Work to complete: Restate, word for word and with no pictures, the stretch of lines in the data below that begins at the line with "SEWA 2 KAMAR" and ends at the line with "نمونه کار بستنی دادا مهدى در تبریز - 4", inclusive.

Data to process:
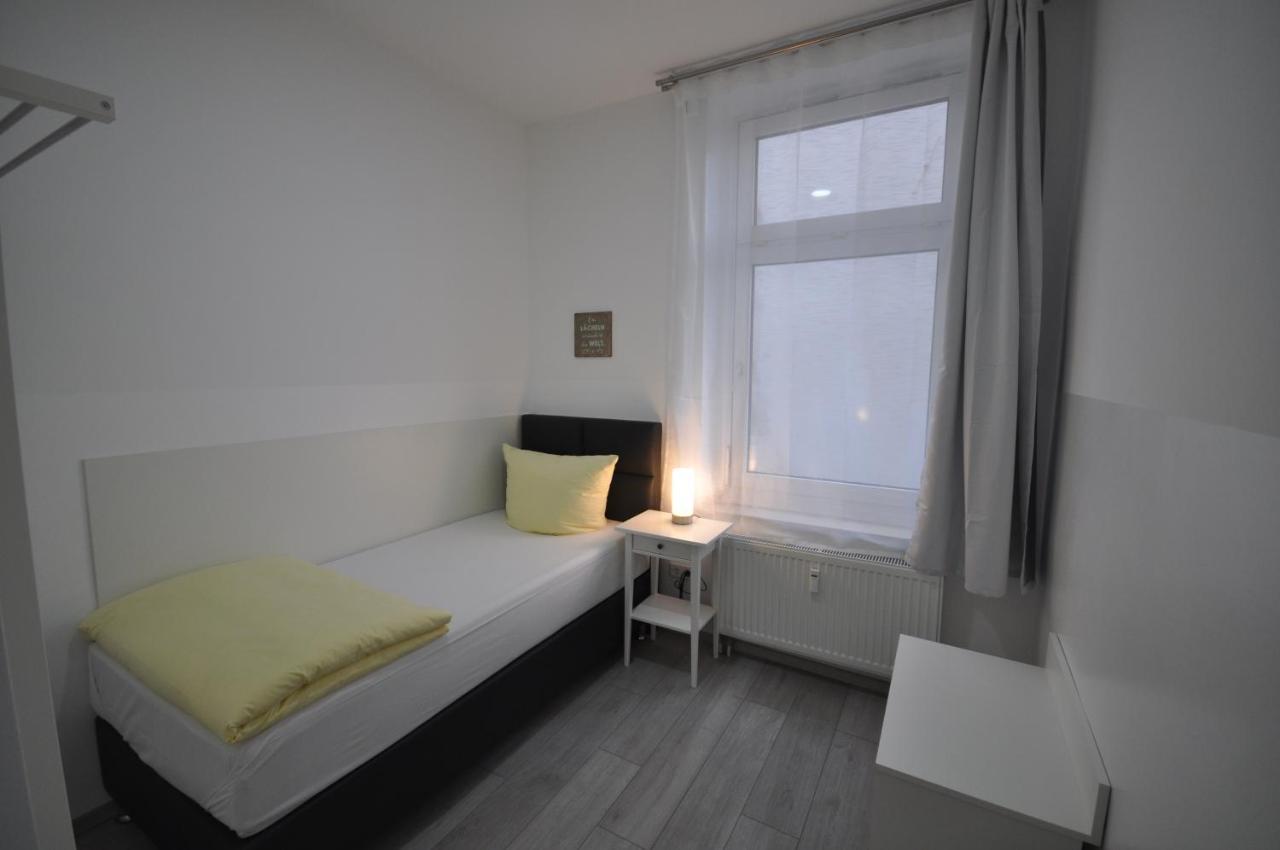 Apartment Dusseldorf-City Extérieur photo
==
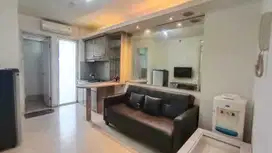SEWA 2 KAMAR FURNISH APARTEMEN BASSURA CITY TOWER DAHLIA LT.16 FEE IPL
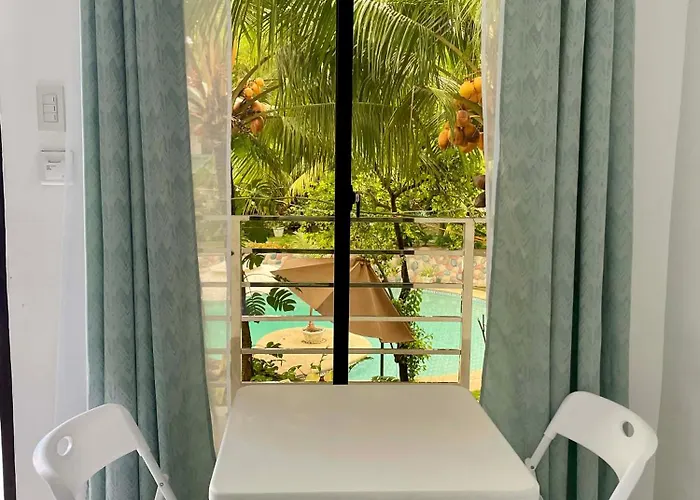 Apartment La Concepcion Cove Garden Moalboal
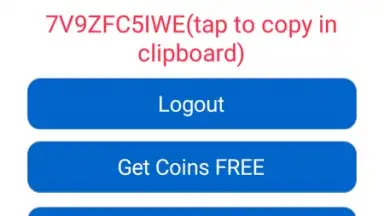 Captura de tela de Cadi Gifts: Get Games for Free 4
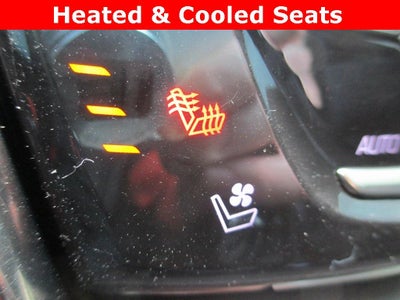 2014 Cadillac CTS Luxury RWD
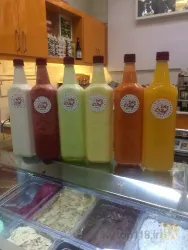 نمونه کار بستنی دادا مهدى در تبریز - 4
--
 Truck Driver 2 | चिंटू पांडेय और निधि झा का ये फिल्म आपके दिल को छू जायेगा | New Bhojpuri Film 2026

Expected output:
SEWA 2 KAMAR FURNISH APARTEMEN BASSURA CITY TOWER DAHLIA LT.16 FEE IPL
 Apartment La Concepcion Cove Garden Moalboal
 Captura de tela de Cadi Gifts: Get Games for Free 4
 2014 Cadillac CTS Luxury RWD
 نمونه کار بستنی دادا مهدى در تبریز - 4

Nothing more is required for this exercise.